Listed records>
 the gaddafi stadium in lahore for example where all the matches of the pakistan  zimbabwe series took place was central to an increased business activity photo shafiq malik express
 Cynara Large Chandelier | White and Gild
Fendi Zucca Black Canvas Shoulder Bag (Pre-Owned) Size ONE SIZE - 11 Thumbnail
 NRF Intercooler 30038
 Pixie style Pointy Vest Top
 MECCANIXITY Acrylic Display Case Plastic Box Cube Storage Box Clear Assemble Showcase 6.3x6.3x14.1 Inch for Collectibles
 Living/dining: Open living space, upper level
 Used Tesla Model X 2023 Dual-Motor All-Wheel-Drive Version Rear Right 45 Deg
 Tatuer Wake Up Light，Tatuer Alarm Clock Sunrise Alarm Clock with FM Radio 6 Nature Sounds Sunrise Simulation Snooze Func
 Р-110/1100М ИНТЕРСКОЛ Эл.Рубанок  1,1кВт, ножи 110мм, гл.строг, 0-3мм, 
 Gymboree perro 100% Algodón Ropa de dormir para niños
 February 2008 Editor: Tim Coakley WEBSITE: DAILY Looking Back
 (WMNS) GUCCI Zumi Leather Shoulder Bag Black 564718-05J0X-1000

--

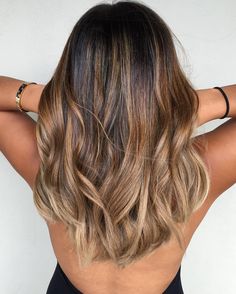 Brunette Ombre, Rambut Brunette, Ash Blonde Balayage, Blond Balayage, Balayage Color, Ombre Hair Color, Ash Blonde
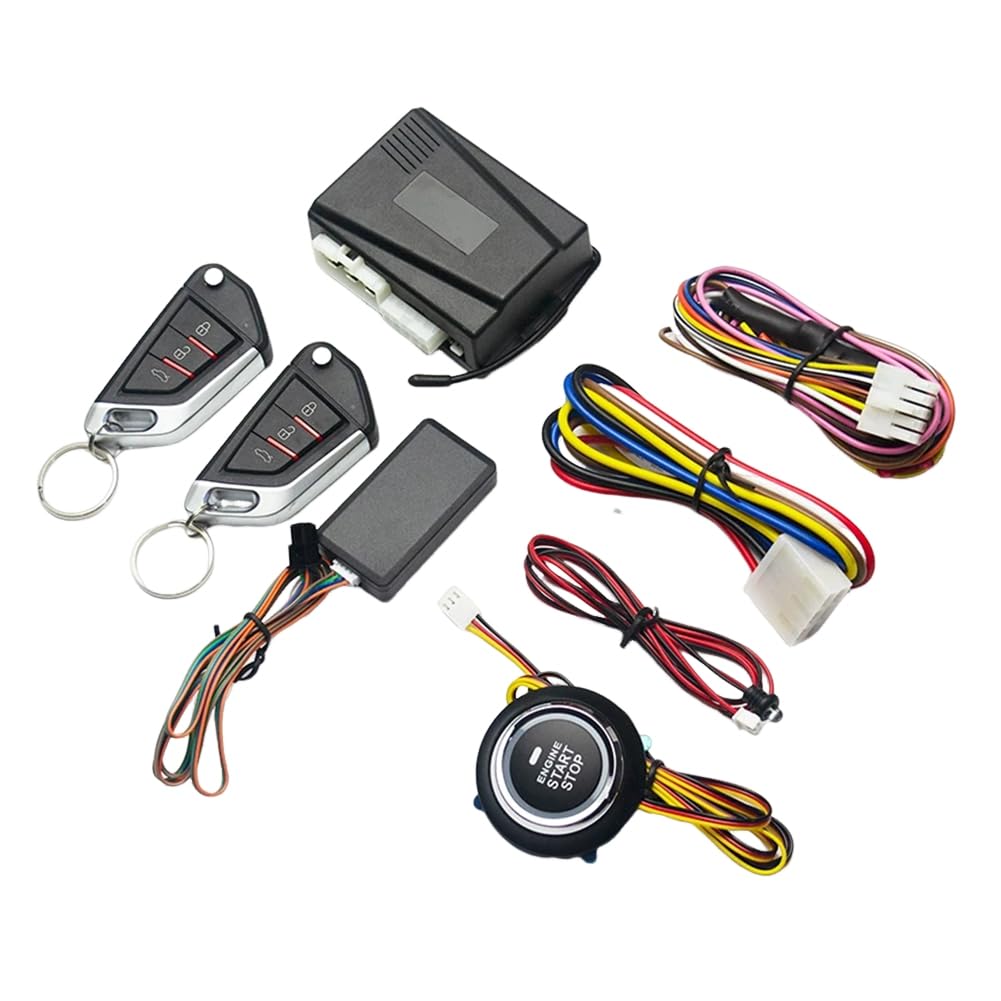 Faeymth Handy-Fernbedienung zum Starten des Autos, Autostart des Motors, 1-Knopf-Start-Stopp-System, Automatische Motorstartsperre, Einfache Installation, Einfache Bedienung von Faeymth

Exercise> Go to the line with "Gymboree perro 100%" in the entries above and repeat every line from there through the line with "(WMNS) GUCCI Zumi", exactly and with no other text.

Written answer>
 Gymboree perro 100% Algodón Ropa de dormir para niños
 February 2008 Editor: Tim Coakley WEBSITE: DAILY Looking Back
 (WMNS) GUCCI Zumi Leather Shoulder Bag Black 564718-05J0X-1000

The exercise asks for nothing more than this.